Saturday, 29 June 2013

BLACK SOCIAL HISTORY : AFRICAN AMERICAN ELIZABETH ECKFORD - THE FIRST AFRICAN AMERICAN TO WORK IN A BANK IN St LOUIS IN A NON-JANITORIAL POSITION : GOES INTO THE " HALL OF BLACK GENIUS "
















































































                           BLACK         SOCIAL         HISTORY                                                                                                                                                                                  Elizabeth Eckford : Biography
Elizabeth Eckford was born in Little Rock in 1942. Like most children in the Deep South, Eckford went to a segregated school. The states of Texas, Oklahoma, Arkansas, Missouri, Louisiana, Mississippi, Alabama, Georgia, Florida, South Carolina, North Carolina, Virginia and Kentucky all prohibited black and white children from attending the same school.

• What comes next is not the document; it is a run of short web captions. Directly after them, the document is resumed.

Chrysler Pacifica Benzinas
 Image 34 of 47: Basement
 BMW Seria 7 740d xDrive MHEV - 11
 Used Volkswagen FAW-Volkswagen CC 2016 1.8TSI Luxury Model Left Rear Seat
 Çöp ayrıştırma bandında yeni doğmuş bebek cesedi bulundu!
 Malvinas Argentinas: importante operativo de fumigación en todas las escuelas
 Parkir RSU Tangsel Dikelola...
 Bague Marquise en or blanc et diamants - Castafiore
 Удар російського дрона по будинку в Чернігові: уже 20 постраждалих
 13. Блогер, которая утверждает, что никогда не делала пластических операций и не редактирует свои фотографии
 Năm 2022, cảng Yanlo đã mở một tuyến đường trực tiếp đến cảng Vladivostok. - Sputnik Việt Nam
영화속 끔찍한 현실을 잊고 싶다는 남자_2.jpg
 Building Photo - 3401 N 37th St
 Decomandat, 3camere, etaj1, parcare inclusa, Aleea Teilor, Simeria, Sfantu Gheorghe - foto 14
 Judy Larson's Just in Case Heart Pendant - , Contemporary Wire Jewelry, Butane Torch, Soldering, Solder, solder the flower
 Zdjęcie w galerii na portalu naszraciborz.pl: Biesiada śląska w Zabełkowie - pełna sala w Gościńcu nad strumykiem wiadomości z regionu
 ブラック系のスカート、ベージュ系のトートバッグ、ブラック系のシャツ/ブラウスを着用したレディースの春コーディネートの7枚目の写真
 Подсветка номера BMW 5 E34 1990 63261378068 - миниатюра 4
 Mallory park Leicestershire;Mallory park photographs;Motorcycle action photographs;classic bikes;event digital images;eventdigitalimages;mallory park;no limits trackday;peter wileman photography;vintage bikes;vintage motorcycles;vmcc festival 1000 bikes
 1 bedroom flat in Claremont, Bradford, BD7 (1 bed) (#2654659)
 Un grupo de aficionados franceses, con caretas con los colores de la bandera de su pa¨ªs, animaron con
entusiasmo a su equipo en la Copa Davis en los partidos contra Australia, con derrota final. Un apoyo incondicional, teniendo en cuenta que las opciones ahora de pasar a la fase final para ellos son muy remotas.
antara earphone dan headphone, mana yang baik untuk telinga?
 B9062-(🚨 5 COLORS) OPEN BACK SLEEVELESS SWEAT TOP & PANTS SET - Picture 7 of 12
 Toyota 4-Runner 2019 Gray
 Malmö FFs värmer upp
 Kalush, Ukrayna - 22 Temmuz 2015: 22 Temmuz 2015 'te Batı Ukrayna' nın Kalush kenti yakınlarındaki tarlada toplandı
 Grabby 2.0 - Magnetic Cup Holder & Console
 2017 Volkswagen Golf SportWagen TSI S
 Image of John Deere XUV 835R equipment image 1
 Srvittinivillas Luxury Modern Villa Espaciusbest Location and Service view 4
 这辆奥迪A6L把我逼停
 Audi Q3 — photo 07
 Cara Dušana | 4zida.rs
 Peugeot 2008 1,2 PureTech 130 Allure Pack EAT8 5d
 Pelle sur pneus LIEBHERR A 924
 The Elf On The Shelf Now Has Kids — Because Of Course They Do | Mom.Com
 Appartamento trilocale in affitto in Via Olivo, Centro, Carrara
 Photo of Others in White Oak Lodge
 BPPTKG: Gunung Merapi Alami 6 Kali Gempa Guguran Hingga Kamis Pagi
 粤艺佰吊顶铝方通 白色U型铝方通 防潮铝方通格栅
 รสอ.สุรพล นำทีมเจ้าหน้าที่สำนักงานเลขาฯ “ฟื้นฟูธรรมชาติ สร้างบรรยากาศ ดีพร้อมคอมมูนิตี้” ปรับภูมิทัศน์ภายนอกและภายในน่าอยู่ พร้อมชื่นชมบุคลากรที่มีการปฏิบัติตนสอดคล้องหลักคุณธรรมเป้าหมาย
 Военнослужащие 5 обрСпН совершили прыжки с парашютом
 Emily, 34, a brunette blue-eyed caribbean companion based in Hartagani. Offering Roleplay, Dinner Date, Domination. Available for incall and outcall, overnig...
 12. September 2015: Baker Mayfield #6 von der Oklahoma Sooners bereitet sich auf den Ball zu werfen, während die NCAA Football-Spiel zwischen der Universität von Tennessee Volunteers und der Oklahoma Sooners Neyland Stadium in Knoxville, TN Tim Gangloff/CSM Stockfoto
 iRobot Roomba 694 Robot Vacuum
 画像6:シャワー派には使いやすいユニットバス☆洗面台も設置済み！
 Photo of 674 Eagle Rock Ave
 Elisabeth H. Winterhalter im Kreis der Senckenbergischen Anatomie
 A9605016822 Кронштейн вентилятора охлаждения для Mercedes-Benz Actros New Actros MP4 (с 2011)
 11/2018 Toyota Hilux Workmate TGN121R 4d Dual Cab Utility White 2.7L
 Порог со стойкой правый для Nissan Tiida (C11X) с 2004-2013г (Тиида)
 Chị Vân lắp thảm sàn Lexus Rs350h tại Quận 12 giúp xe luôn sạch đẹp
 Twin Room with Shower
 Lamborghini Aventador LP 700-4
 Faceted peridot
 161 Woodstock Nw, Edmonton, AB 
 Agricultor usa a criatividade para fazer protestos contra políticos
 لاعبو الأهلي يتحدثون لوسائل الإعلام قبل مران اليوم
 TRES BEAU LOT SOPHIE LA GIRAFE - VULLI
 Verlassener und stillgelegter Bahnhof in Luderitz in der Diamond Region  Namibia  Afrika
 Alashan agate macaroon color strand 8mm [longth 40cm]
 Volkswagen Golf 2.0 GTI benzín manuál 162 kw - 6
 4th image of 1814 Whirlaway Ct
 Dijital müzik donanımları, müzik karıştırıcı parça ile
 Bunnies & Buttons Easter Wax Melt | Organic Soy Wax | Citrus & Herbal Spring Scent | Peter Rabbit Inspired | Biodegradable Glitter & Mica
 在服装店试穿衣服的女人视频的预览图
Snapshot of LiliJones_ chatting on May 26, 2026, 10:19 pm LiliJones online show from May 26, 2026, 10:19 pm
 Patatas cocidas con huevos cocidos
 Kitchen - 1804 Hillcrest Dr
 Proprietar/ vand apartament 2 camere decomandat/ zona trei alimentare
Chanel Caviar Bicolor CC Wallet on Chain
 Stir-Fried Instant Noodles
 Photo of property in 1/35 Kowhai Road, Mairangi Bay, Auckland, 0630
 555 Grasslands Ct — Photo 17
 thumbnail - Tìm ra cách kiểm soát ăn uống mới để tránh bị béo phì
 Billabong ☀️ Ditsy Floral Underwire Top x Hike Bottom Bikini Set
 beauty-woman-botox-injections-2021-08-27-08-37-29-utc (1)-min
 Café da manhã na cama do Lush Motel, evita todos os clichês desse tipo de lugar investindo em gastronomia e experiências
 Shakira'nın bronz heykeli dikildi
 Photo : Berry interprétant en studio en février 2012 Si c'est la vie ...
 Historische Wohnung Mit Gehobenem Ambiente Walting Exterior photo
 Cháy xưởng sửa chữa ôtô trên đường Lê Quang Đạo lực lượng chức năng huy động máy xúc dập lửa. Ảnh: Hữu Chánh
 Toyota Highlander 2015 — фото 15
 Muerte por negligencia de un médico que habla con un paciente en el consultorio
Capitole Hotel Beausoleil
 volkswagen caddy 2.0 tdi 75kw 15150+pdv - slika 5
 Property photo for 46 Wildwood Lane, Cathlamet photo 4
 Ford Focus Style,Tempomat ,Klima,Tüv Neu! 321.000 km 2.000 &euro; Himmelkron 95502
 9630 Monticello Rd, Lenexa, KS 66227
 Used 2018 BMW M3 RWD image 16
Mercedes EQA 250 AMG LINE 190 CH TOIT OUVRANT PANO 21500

In 1952 the National Association for the Advancement of Coloured People appealed to the Supreme Court that school segregation was unconstitutional. The Supreme Court ruled that separate schools were acceptable as long as they were "separate and equal". It was not too difficult for the NAACP to provide information to show that black and white schools in the South were not equal.
After looking at information provided by the NAACP, the Supreme Court announced in 1954 that separate schools were not equal and ruled that they were therefore unconstitutional. Some states accepted the ruling and began to desegregate. However, several states in the Deep South, including Arkansas, refused to accept the judgment of the Supreme Court.
On 4th September, 1957, Elizabeth Eckford and eight other African American students attempted to enter Little Rock Central High School, a school that previously had only accepted white children. The governor of Arkansas, Orval Faubus, was determined to ensure that segregation did not take place and sent the National Guard to stop the children from entering the school.
On 24th September, 1957, President Dwight Eisenhower, went on television and told the American people: "At a time when we face grave situations abroad because of the hatred that communism bears towards a system of government based on human rights, it would be difficult to exaggerate the harm that is being done to the prestige and influence and indeed to the safety of our nation and the world. Our enemies are gloating over this incident and using it everywhere to misrepresent our whole nation. We are portrayed as a violator of those standards which the peoples of the world united to proclaim in the Charter of the United Nations."
After trying for eighteen days to persuade Orval Faubus to obey the ruling of the Supreme Court, Eisenhower decided to send federal troops to Arkansas to ensure that black children could go to Little Rock Central High School. The white population of Little Rock were furious that they were being forced to integrate their school and Faubus described the federal troops as an army of occupation. Elizabeth Eckford and the eight other African American children at the school suffered physical violence and constant racial abuse. Parents of four of the children lost their jobs because they had insisted in sending them to a white school. Eventually Orvel Faubus decided to close down all the schools in Little Rock.
In 1958 Elizabeth Eckford moved to St. Louis, Missouri where she achieved the necessary qualifications to study for a B.A. in history. After university she became the first African American in St. Louis to work in a bank in a non-janitorial position.
Elizabeth Eckford eventually moved back to Little Rock, Arkansas, and is now the mother of two sons.